Some expert witnesses may be considered testifying experts and fact witnesses. For example: a school psychologist at a child’s school witnessed a particularly heated exchange between the child’s parents on school property. If called to testify simply about the argument, this witness would be a fact witness. If the scope of the testimony expanded to how this could impact the child, she would then transition from a fact witness to an expert witness. One important thing to note is that if your expert is testifying as a fact witness, she is not owed a fee, but if she is testifying as an expert, the rules for payment of experts will apply.
The written agreement (typically drafted by your attorney) that sets out the role your expert will play also should specify how the expert will be compensated and when payment is due. Experts can charge an hourly rate or they can charge a lump-sum fee. For services like depositions or trial appearances, some experts increase their hourly rate or charge by the half-day or day. The rate is usually based on factors that include the experience of the expert and the nature of the task. These fees can either be paid up front, as work is completed, or in full upon completion of services. Also, unlike with some attorneys, an agreement to pay an expert cannot be based on whether or not you prevail at trial. Therefore, the terms of compensation in your written agreement are not contingent on whether or not you win your case.
In the event that you do win your case, there are some situations where the losing party will pay your expert fees. By statute, the court can order the losing party to pay certain expenses, called taxable costs. “Taxable costs” simply means litigation-related expenses that the winning party is entitled to as a part of the court’s award. With expert fees, a judge can award costs for reasonable and necessary fees of expert witnesses for actual time spent providing testimony at trial, deposition, or other proceedings. This is limited to fees associated with the expert’s time providing testimony at trial, deposition, or other proceedings. Additionally, in order for the court to award expert fees, the expert must have been subpoenaed.

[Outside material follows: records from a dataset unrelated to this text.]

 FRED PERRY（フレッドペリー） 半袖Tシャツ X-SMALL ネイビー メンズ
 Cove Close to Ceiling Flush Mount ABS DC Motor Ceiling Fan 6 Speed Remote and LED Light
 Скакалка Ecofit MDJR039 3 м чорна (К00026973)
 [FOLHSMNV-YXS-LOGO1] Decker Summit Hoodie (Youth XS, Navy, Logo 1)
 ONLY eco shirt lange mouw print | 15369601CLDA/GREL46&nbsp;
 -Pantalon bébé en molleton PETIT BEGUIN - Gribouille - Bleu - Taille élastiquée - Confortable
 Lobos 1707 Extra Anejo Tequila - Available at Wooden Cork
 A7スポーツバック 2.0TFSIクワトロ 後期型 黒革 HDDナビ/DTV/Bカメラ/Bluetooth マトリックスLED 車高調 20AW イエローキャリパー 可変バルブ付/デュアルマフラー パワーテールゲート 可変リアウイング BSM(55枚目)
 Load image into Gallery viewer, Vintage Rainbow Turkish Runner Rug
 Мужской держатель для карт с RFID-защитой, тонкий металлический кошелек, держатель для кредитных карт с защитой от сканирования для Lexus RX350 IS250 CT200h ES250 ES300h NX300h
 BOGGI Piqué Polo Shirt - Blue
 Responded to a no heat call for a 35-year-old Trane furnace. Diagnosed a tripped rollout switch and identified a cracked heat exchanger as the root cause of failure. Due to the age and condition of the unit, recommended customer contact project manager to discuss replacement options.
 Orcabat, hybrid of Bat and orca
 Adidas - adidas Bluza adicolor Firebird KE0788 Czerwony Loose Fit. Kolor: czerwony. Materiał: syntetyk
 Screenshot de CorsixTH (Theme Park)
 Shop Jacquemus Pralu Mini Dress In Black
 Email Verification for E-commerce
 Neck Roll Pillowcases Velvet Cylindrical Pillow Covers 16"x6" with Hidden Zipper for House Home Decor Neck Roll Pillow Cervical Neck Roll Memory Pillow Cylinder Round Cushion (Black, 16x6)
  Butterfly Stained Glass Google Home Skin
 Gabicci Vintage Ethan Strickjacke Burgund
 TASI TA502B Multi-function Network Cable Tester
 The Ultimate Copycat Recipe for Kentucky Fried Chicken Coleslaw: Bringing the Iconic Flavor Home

Lastly, if the court appoints an expert witness, it is up to the court to determine the terms of payment. Court-appointed experts are entitled to “reasonable compensation” that is to be paid in a method decided on by the court.
In summary, expert witnesses can be a valuable tool throughout litigation. If issues arise in dealing with your expert, such as the expert refusing to comply, the expert may be in breach of contract or found to be in contempt of court.